The Google Panda Update hit many webmasters like a freight train, leaving a long line of quality websites as collateral damage. While the Panda update did have the noble cause of weakening the grip that content farms had on the SERPs, many high-quality, content-rich websites were cleaned from Google in one fail swoop. To address the outrage found across the blogosphere, Google has provided a list of questions to ask yourself if you want your rankings to return.
From the list of questions Google provided, I’d like to propose 3 cheap solutions that could help get you back in Google’s favor.
1. Would you be comfortable giving your credit card information to this site?
I think it is a little ridiculous of Google to even consider this as something to base rankings on, but I won’t get very far arguing with them (I’ll leave that to Aaron Wall).
The question is, what could we possibly do to have Google think the answer for this is ‘yes’ for our website? Remember, they are doing this via algorithm, so it’d be pretty hard for them to analyze our design or look for other superficial indicators of trust.
However, there are ‘tangible’ items that they can check for to indicate trust, and what makes the most sense to me is for Google to check for the ‘Verisign Verified’ seal. It’d be pretty easy for Google to look for this, and if it is there, the website gets the box checked on this question. At ~$19/month, its a minimal investment if your website was previously making a great deal of money but took a big Panda hit.
2. Does this article have spelling, stylistic, or factual errors?
This question does have merit, but I really doubt Google’s sophistication to check for deep stylistic and grammar errors. While the built-in Microsoft Word grammar check is ok and probably on par with what Google would be able to do (my speculation), Apple’s built in grammar check is atrocious.

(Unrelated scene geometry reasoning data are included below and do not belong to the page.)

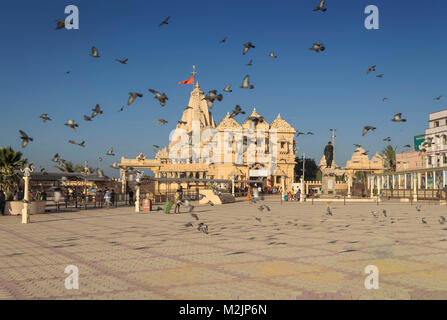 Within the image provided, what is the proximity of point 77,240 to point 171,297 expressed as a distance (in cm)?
715

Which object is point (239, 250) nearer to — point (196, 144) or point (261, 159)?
point (261, 159)

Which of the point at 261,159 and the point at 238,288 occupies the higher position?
the point at 261,159

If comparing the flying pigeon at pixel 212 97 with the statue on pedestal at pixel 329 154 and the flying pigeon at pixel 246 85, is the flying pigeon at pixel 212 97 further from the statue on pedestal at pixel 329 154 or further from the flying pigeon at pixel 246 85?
the statue on pedestal at pixel 329 154

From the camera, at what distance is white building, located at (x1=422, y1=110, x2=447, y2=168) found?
6303cm

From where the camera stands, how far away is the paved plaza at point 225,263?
20.2 feet

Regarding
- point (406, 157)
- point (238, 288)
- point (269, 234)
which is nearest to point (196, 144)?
point (406, 157)

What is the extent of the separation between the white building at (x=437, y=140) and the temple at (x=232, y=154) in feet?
78.1

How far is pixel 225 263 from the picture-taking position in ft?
27.6

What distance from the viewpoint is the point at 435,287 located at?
6.43 metres

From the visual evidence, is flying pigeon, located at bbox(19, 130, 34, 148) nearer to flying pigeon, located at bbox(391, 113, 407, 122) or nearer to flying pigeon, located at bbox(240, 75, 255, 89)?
flying pigeon, located at bbox(240, 75, 255, 89)

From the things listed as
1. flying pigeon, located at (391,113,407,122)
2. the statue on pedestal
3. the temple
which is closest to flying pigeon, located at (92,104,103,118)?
flying pigeon, located at (391,113,407,122)

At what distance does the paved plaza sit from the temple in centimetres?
5770

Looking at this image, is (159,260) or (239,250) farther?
(239,250)

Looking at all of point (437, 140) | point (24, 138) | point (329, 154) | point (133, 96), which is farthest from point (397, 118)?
point (329, 154) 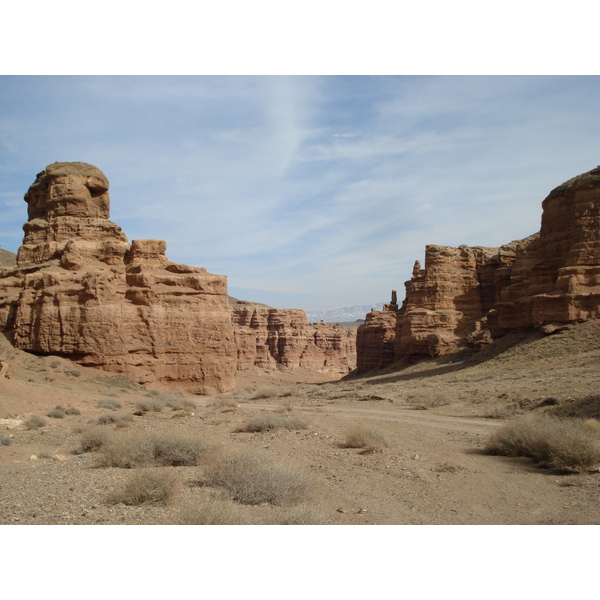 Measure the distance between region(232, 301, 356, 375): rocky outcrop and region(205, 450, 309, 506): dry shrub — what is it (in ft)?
235

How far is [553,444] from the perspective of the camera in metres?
9.30

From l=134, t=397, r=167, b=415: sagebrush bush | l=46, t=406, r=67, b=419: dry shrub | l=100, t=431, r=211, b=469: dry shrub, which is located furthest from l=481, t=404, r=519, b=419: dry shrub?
l=46, t=406, r=67, b=419: dry shrub

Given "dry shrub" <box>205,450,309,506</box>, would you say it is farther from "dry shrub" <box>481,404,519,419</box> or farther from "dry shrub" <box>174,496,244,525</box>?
"dry shrub" <box>481,404,519,419</box>

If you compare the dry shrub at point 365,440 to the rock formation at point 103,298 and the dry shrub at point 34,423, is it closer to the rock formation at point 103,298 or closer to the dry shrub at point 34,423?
the dry shrub at point 34,423

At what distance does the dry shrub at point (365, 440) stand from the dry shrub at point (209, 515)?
5.68 meters

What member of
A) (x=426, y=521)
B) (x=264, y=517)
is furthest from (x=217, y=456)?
(x=426, y=521)

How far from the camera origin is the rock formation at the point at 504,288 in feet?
94.2

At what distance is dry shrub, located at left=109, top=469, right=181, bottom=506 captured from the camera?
6.43 m

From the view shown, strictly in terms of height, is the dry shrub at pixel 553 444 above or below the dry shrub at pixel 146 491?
below

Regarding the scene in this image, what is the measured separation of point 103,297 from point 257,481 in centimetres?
2615

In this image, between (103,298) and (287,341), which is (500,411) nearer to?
(103,298)

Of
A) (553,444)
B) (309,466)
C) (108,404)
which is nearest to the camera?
(553,444)

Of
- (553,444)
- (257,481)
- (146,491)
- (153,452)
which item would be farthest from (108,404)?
(553,444)

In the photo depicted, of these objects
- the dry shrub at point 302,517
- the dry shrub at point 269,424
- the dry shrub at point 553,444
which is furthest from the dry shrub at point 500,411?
the dry shrub at point 302,517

Rather than rely on these built-in tools, my preference of late has become a very comprehensive ‘cloud’ grammar check tool called Grammarly. This tool grades the grammar of an article, performs comprehensive content reviews, and offers rich suggestions for improving the quality of an article. At around $10/month, it is well worth the investment and I’m pretty confident it’s much more comprehensive in reviewing content than Google could ever be (because grammar isn’t the space Google operates in full-time).

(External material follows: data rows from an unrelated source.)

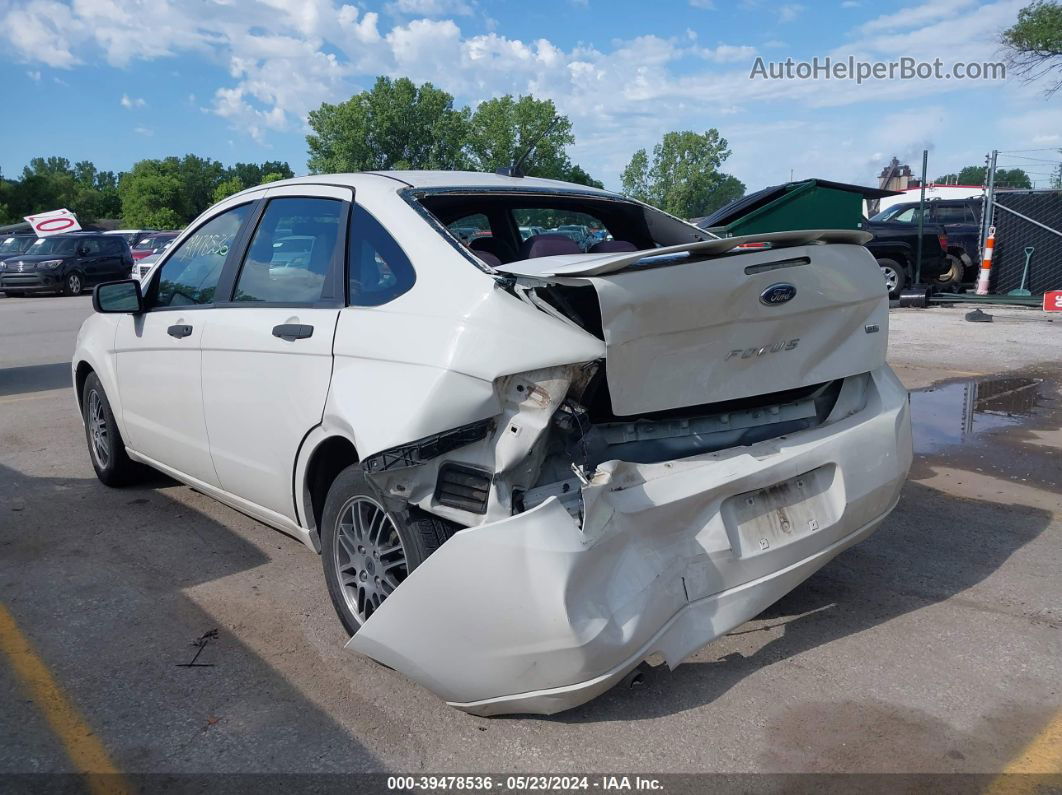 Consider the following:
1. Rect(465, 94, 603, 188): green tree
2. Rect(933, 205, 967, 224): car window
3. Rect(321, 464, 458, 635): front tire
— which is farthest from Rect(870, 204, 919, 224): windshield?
Rect(465, 94, 603, 188): green tree

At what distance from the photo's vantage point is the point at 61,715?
123 inches

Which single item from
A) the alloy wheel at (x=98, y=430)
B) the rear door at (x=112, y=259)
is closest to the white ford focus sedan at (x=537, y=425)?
the alloy wheel at (x=98, y=430)

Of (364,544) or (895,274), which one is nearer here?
(364,544)

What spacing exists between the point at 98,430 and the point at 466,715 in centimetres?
371

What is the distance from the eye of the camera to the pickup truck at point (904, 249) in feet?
52.8

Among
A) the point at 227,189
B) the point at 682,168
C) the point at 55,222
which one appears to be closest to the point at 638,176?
the point at 682,168

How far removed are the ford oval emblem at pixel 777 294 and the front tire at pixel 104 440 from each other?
398 cm

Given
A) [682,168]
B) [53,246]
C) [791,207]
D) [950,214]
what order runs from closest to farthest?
1. [791,207]
2. [950,214]
3. [53,246]
4. [682,168]

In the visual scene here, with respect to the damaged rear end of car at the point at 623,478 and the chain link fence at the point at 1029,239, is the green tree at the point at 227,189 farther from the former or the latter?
the damaged rear end of car at the point at 623,478

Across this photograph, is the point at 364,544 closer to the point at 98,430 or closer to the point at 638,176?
the point at 98,430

3. Is this the sort of page you’d want to bookmark, share with a friend, or recommend?
The recent ranking correlation data gathered and analyzed by SEOmoz is nothing short of shocking. Of all of the metrics they track, Facebook Shares (not ‘Likes’) have the highest correlation to rankings. Google’s question on ‘sharing’ here, plus this corellation data, leads me to believe that Facebook and other social shares could be a critical signal in the Panda algorithm. There are hundreds of tools to help in this space, but I’d like to point out a few of my favorites… and the best part is, these are free!
- ShareThis – Put this button at the end of your article. It’ll give people an opportunity to easily share your content across a number of social and bookmarking sites.
- fbShare.me – Facebook is making it more difficult to do ‘sharing’ and instead favors their ‘Like’ button. Sharing on Facebook means that it can show up in another users ‘Top News’, whereas just ‘Liking’ a piece of content will not show up in one of your friend’s ‘Top News’. This handy little widget does all of the work for you to get ‘Share’ on your site.
In addition to these two tools, increasing your overall engagement in social media will ensure that your content constantly stays in people’s various social streams.
So there you have it, 3 tools that can help you beat the Panda update. Matt Cutts has indicated that the Panda algorithm is not run daily, so it could take some time to bounce back after implementing all of the various changes being suggested.
This is one of the most sweeping updates Google has performed, and sites caught in the cross-fire can expect numerous tweaks and adjustments by Google as time goes by. By focusing on what Google is saying publicly about the update, we can attempt to make educated guesses on how to satisfy the various pieces of the algorithm.